Harold C. Alton
For those of you who don't know, my Grandpa Alton passed away September 12, 2009. He had a heart attack, and passed shortly after. I don't think I've ever had such an empty feeling in my stomach. And even now, almost a month after his passing, I'm tearing up just trying to write about it.
My mom was down helping us out since I had thrown my back out badly the week before. I remember praying one night in particular asking God to heal my back. And then I immediately took it back, and told God that if there was a reason my back had gone out so badly that I could deal with it, and I could accept it. But that if there wasn't a reason, I asked for healing.

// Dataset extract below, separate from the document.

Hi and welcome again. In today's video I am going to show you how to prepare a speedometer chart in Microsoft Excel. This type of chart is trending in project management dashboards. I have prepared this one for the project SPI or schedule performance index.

It was a very convicting time for me. If my mom had not come down to help me out, I wouldn't have gotten to be with the family in the way that I needed to be.
I am still holding onto a lot of guilt from his passing. Guilt that he never got to meet my daughter. He was to meet her 1 week after he passed. He was so looking forward to it, I know. And I haven't been able to accept the fact that he never got to. I wish I would have made the trip home earlier so that could have happened. But how was I to know?
Guilt that I didn't call him on his last birthday. I knew it was his birthday, my mom e mailed to remind me. I kept putting it off, saying "oh, I'll call him in a bit." That bit never came. And it won't, ever. And let me tell you, saying "Happy Birthday" to my Grandpa at a hospital, after he'd passed is something that tore my heart apart.
There are so many things I wish I would have said, wish I would have done. In a way I wish I wouldn't have missed the last 6 years of his life. But in the same breath, that also means that I wouldn't have the beautiful family that I do. And it's a family that I know he was proud of, and loved dearly.
I will never forget my Grandpa. I will never forget the wonderful, caring, loving, supportive person that he was. The light and laughter in his eyes will always be with me. He was at every game in my youth. Even weekend tournaments, him and Grandma always came. He was such a presence in my life. Always there. He had an enormous impact on my life, and a tremendous influence for me. He loved unconditionally, and I will forever be grateful for and to him.
I am so thankful to have the family that I have. Being able to be with them at one of the hardest times of our lives was so amazing. The love that everyone has for each other leaves a lot to be said of the family that Grandpa and Grandma raised and influenced, and I am proud to be a part of that.
xoxok.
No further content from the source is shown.